Certes les moeurs ont changé et la femme actuelle revendique aussi son orgasme, mais pas que cela. Il lui faut en outre énormément d'amour, de fidélité, de projection sécurisante dans un futur stable et cocooné. La fameuse question "Chéri, tu m'aimes?" demeurée sans réponse ou dans le meilleur des cas contrée par un "Ouais" évasif, est certes un cliché, mais un cliché toujours d'actualité.
Disons-le sans ambages : la femme est donc plus quémandeuse d'affection. Elle se met automatiquement en situation d'infériorité par rapport à l'homme qui, lui, ne demande pas autant qu'elle dans ce domaine. Le mâle se montre en revanche plus exigeant pour ce qui concerne son plaisir et la femme cherchera, pour le conserver, à le satisfaire, à se soumettre.

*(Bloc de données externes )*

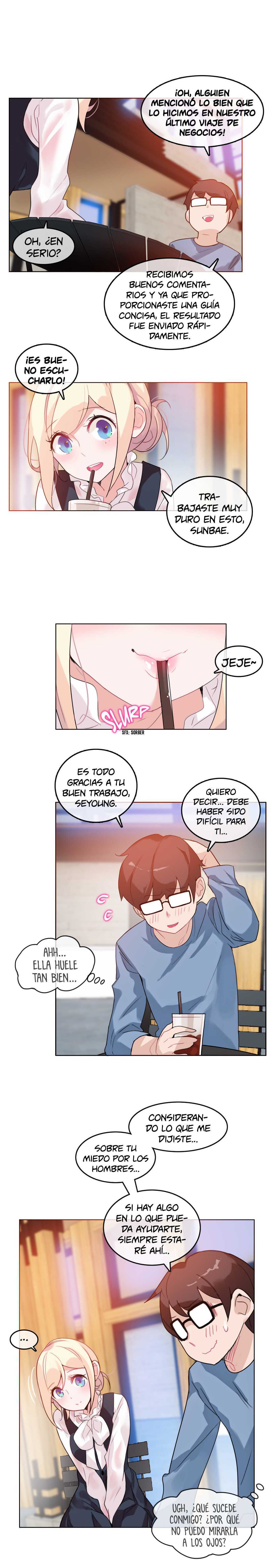 Perverts’ Daily Lives Capitulo 23 página 5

Là aussi par conséquent, inégalité confirmée entre les deux sexes. C'est d'autant plus dommage que dans le rayon de la sexualité, contrairement aux problématiques professionnelles et sociétales dont certaines données nous échappent, on devrait pouvoir trouver réponse à tout questionnement et établir une égalité de traitement par la simple voie du dialogue et de l'échange au sein d'un environnement de confiance et de tendresse.
Je demeure stupéfait quand je constate que les moyens de contraception - notamment la pilule - ont permis de débrider anarchiquement la pratique de la sexualité, mais n'ont absolument pas libéré la femme et ont de plus complètement déresponsabilisé l'homme. D'ailleurs on est en droit de se demander pour quelles raisons les recherches sur la contraception ne se sont pas davantage orientées vers l'homme. Ceci est très révélateur de notre société extrêmement phallocrate.
Pour conclure sur ce triste état de fait, je rapporterai un événement vécu il y a environ une vingtaine d'années. Au cours d'une conférence à laquelle j'assistais, une question fut posée par un intervenant à une jeune femme parmi l'assistance : "Selon vous qui détient l'autorité parentale?". A ma grande surprise, la jeune dame répondit : "L'homme", alors qu'il était inscrit depuis longtemps dans le code civil que celle-ci est une affaire de convivialité entre les deux époux. J'ai pensé que la mère de cette personne, en Mai 68, n'aurait certainement pas apporté la même réponse et j'ai commencé à m'interroger, tout comme je continue de le faire aujourd'hui, sur les notions d'évolution et de progrès.